Papravand (Papravənd) is a village situated in Aghdam District of Azerbaijan. It is located 21 km north of the district centre of Aghdam on a foothill plain.

== History ==
In the years of the Russian Empire, the village of Papravend was part of the Javanshir district of the Elizavetpol province. According to the "Caucasian Calendar" of 1912, the village had a population of 448 people, primarily Tatars, later known as Azerbaijanis.

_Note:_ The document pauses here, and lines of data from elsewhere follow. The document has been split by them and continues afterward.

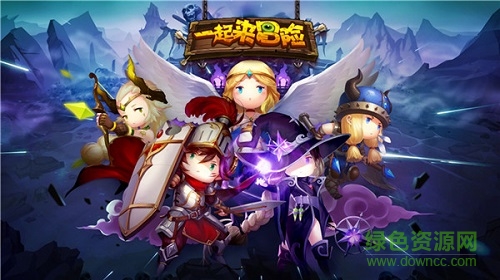 一起來(lái)冒險(xiǎn)無(wú)限戰(zhàn)功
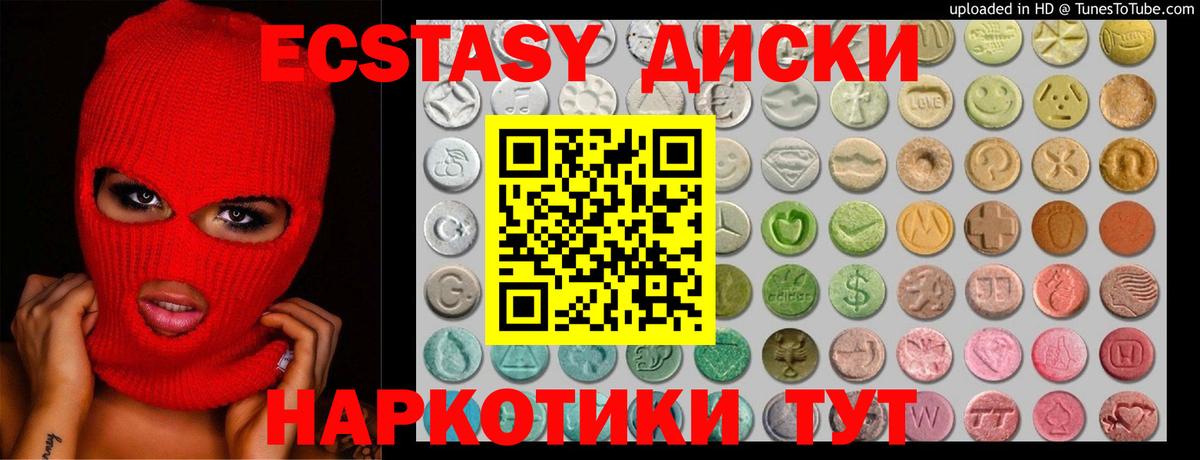 Экстази 280мг Кириши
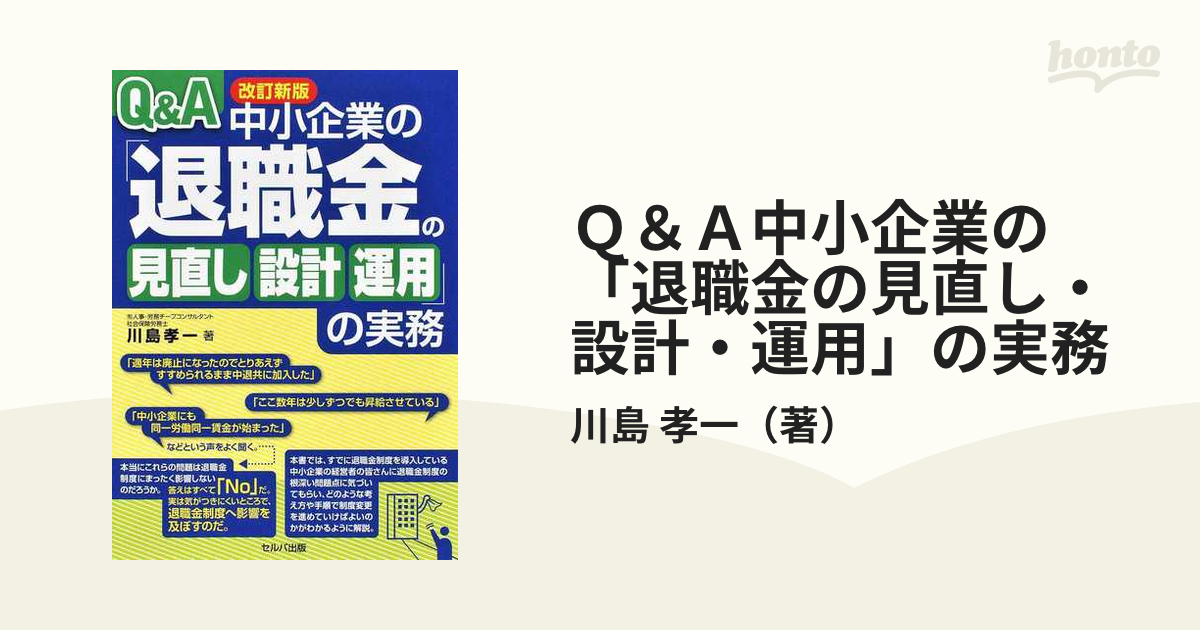 川島孝一出版社Ｑ＆Ａ中小企業の「退職金の見直し・設計・運用」の実務 ...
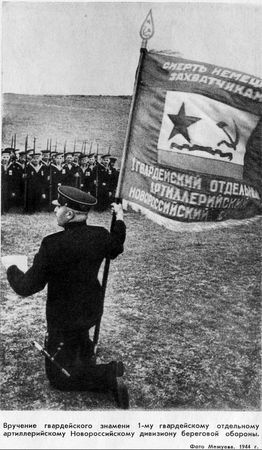 Георгий Соколов - Малая земля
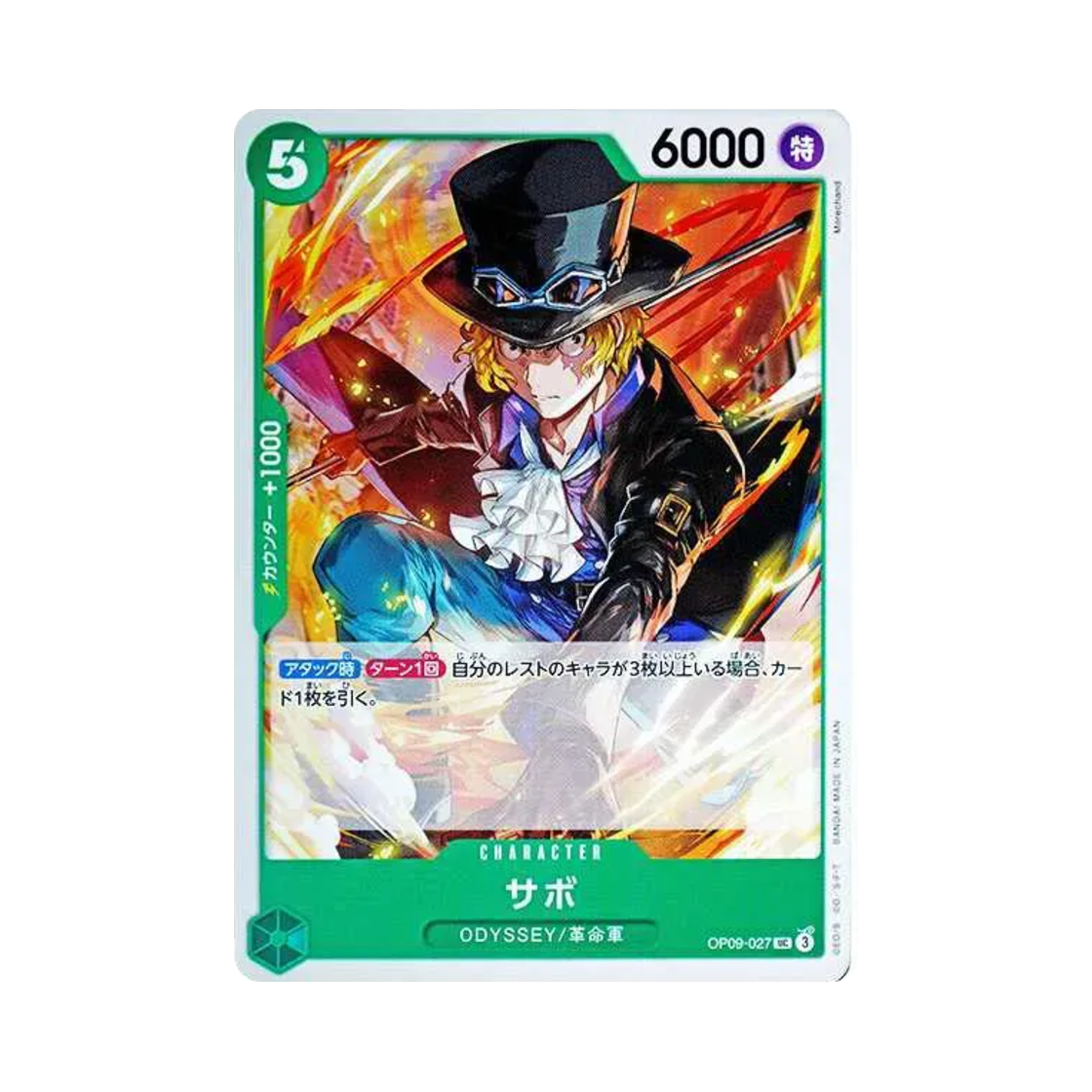원피스 TCG 사보 UC OP09-027 부스터 팩 새로운 황제 (일어판)(One Piece TCG Sabo UC OP09-027 Booster Pack Emperors in the New World (Japanese Ver.)) - 1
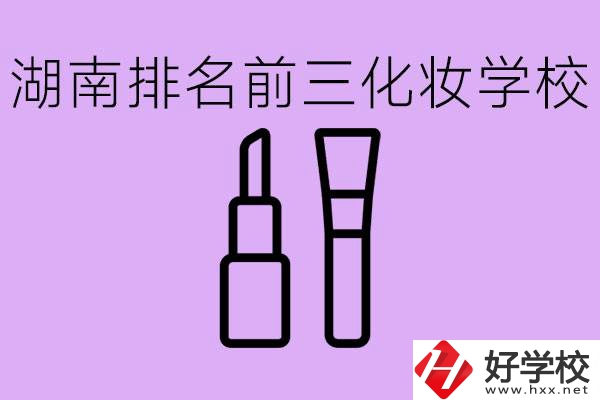 湖南化妝職校排名前三的是哪些？這個(gè)專業(yè)學(xué)什么？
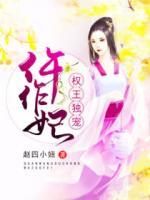 美食為聘：權(quán)王獨(dú)寵仵作妃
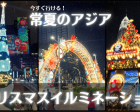 【オンラインイベント】アジア3都市クリスマスイルミネーションツアー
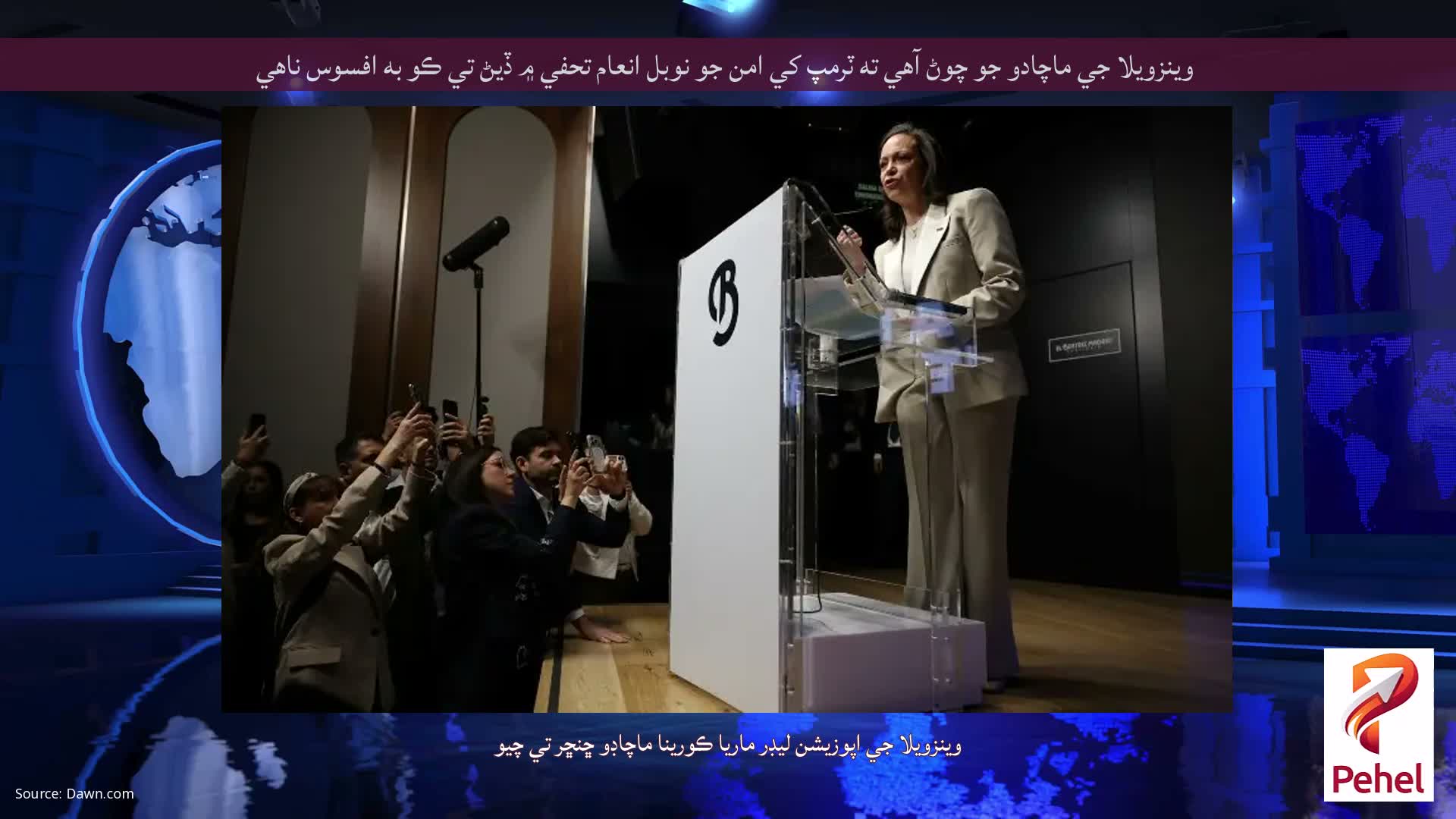 وينزويلا جي ماچادو جو چوڻ آهي ته ٽرمپ کي امن جو نوبل انعام تحفي ۾ ڏيڻ تي ڪو به افسوس ناهي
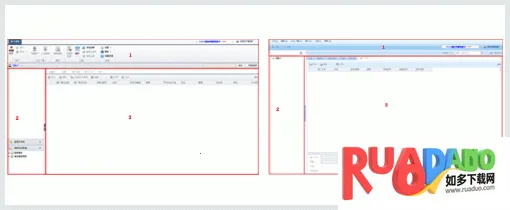 百度推广(移动推广软件)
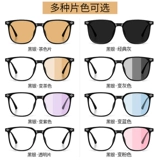 GM Black Frame Автоматический цвет света -чувствительности -изменяющие миопические очки рамки Женские модели могут предотвратить синий свет Большой лицо цвета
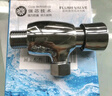 名爵（MEJUE）小便池冲水阀 手按式小便斗冲洗阀厕所小便器开关阀门Z-017212 实拍图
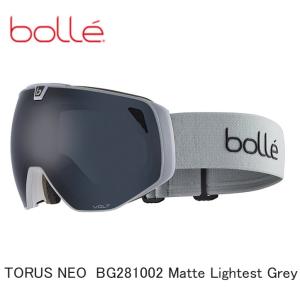 ボレ  2023 BOLLE TORUS-NEO マットライテストグレー スキー スノボ ゴーグル ラージサイズ　｜ams-doing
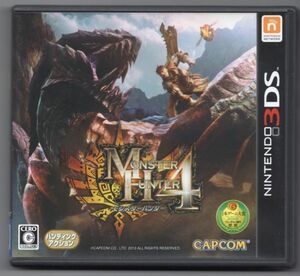 ■ゲームソフト■３ＤＳ■モンスターハンター４■中古■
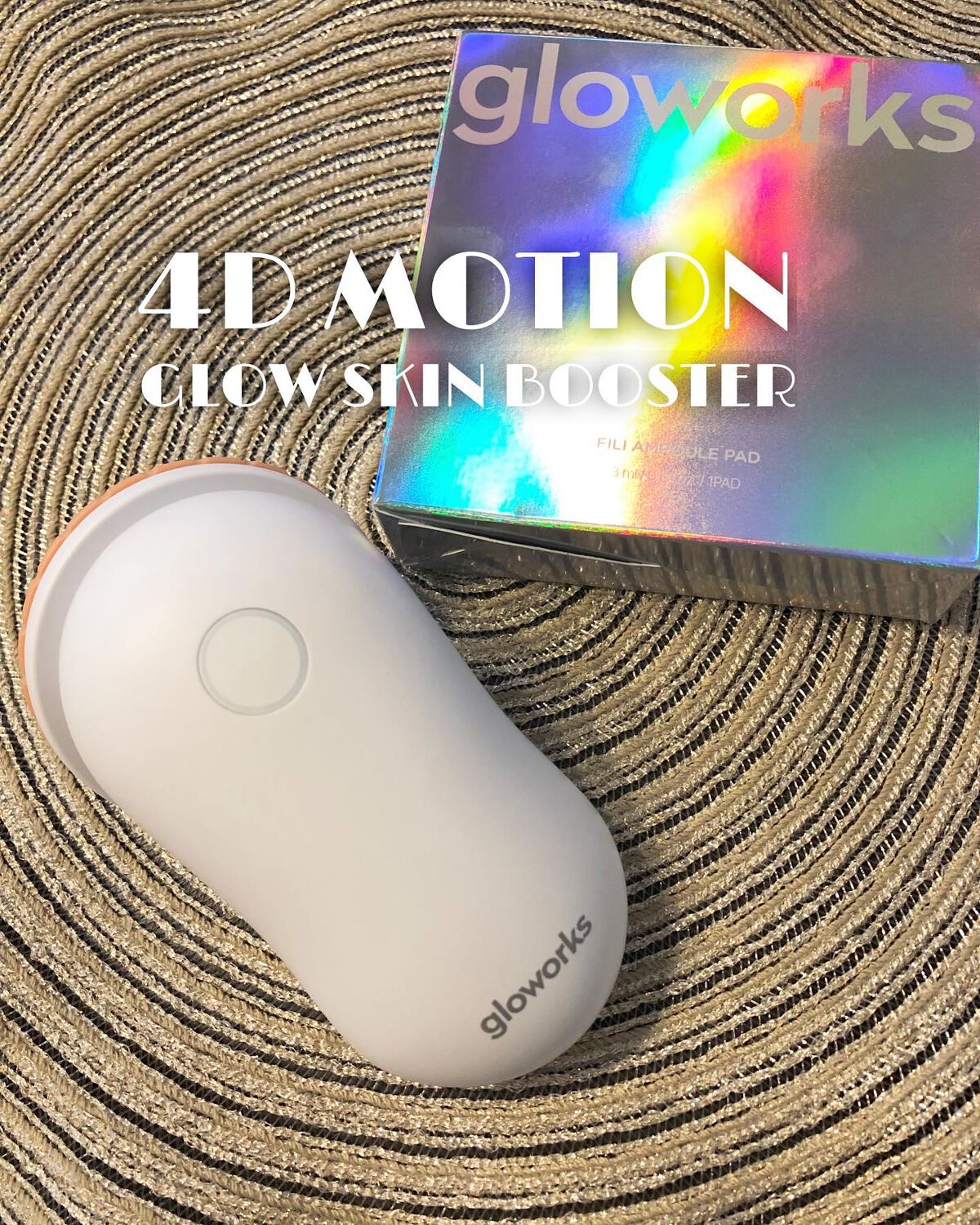  4Dモーションスキンブースタ/gloworks/美顔器・マッサージを使ったクチコミ（1枚目）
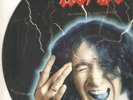 AC/DC  live in amsterdam 1979     LP   pic.disc
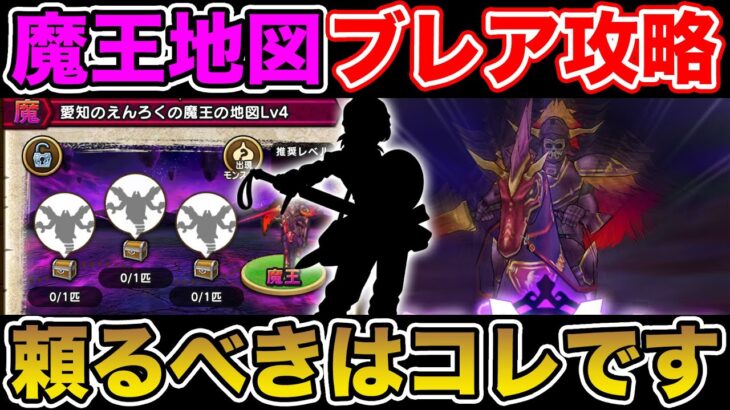 【ドラクエウォーク】魔王地図ブレアLv4を安定攻略!! コレでしばらく先までいけそう!!【DQW】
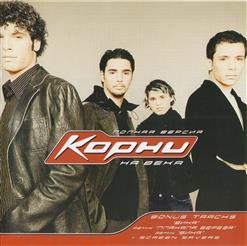Корни — А Мне Бы Голубем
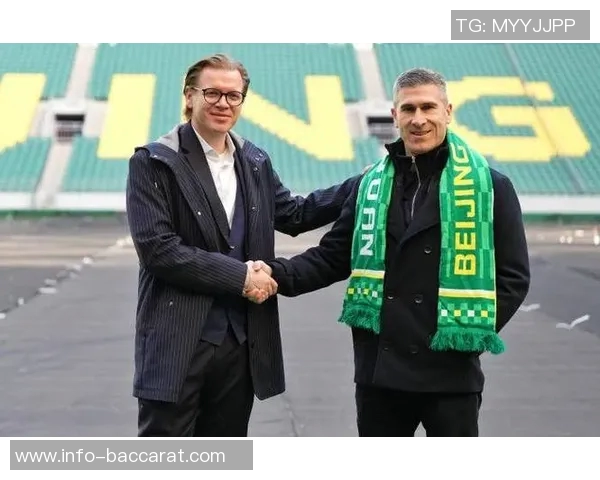 俱乐部隆重举行体育总经理马永明与主教练蒙哥马利就职发布会盛况回顾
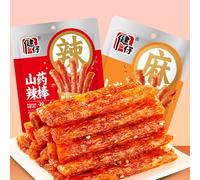 Grain Spicy Sticks - Authentic Chinese Gluten Snacks (12g Mini Packs) - 2 Flavors: Mild & Spicy, Vegan Wheat，Nostalgic Street Food, Crunchy Plant-Based (extra spicy,30 packs)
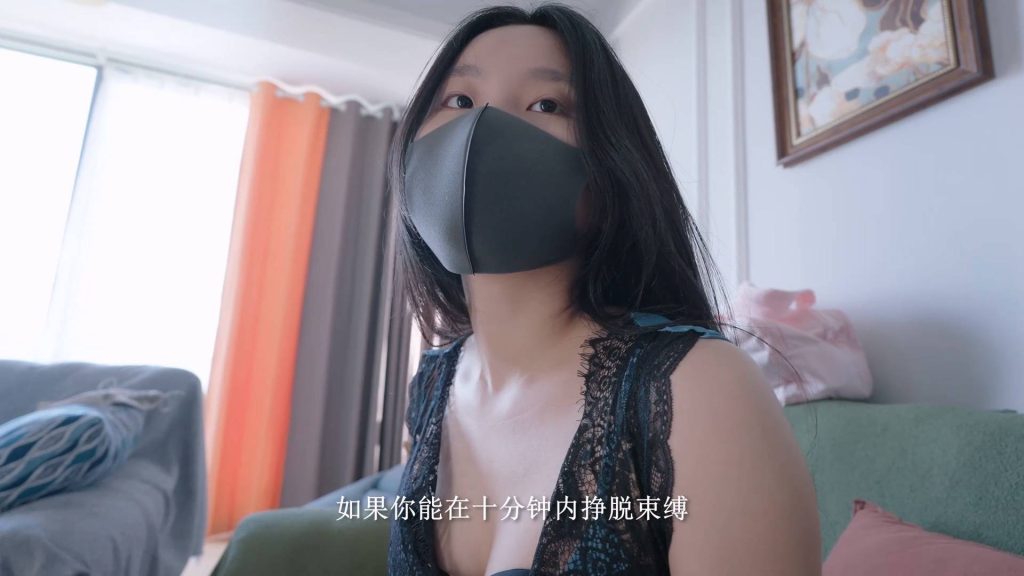 悠米《猎艳记之美女收藏家》一场赌局游戏正式拉开帷幕-逍遥自在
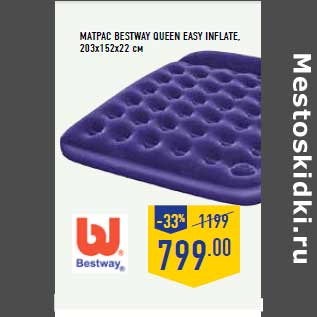 Акция - Матрас BESTWAY Queen Easy Inflate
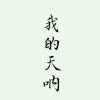 已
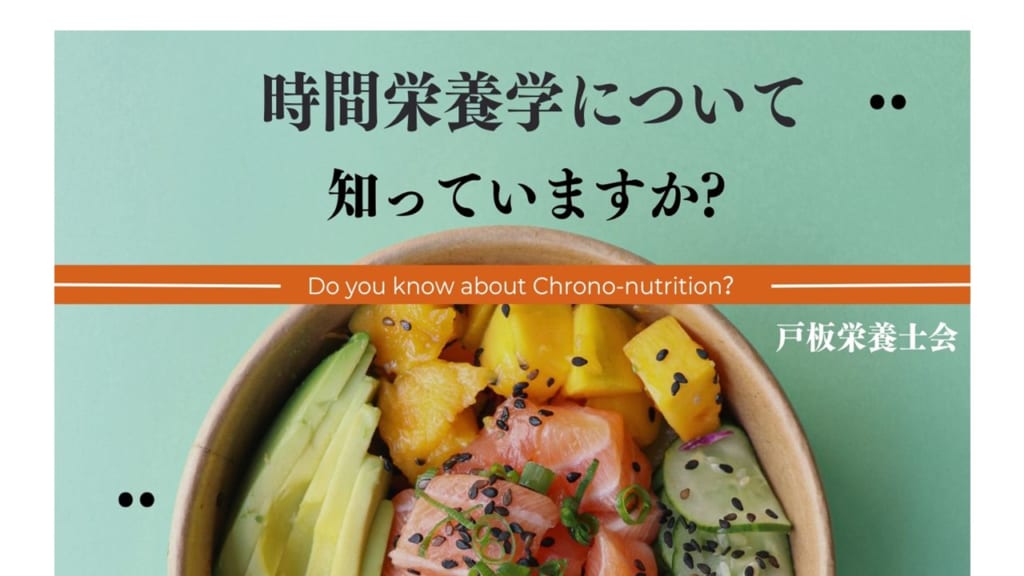【戸板栄養士会】時間栄養学について知っていますか？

According to the results of the Azerbaijani agricultural census of 1921, the village of Papravend was part of the Kabarda Boy Ahmedli rural community of Javanshir district, Azerbaijan SSR. The population was 920 people (155 households), the predominant nationality being Azerbaijani Turks (Azerbaijanis).

After the administrative reform division and the abolition of districts in 1929, it became part of Aghdam district, Azerbaijan SSR. According to the 1983 census conducted in the Azerbaijan SSR, the population of the village was 1,531.

After the end of the Second Karabakh War, a ceasefire agreement was signed under the terms of which the entire territory Aghdam district was returned to Azerbaijan on 20 November 2020.

== Sights ==
The village is home for a mausoleum, which according to Azerbaijani Researchers K.Mammadzade, N.Guliyev and V.Kerimov, dates back to the 14th century. The plan of this mausoleum, considered a unique monument of medieval architecture, is also typical for the 16th century.

The Papravend Mosque, an 18th-century historical and architectural monument, is located in the village of Papravend. After the Armenian occupation, the mosque was completely destroyed.

== Notable people ==
- Faig Aghayev — National Hero of Azerbaijan.
- Ramiz Abbasli — Azerbaijani author, translator of fiction.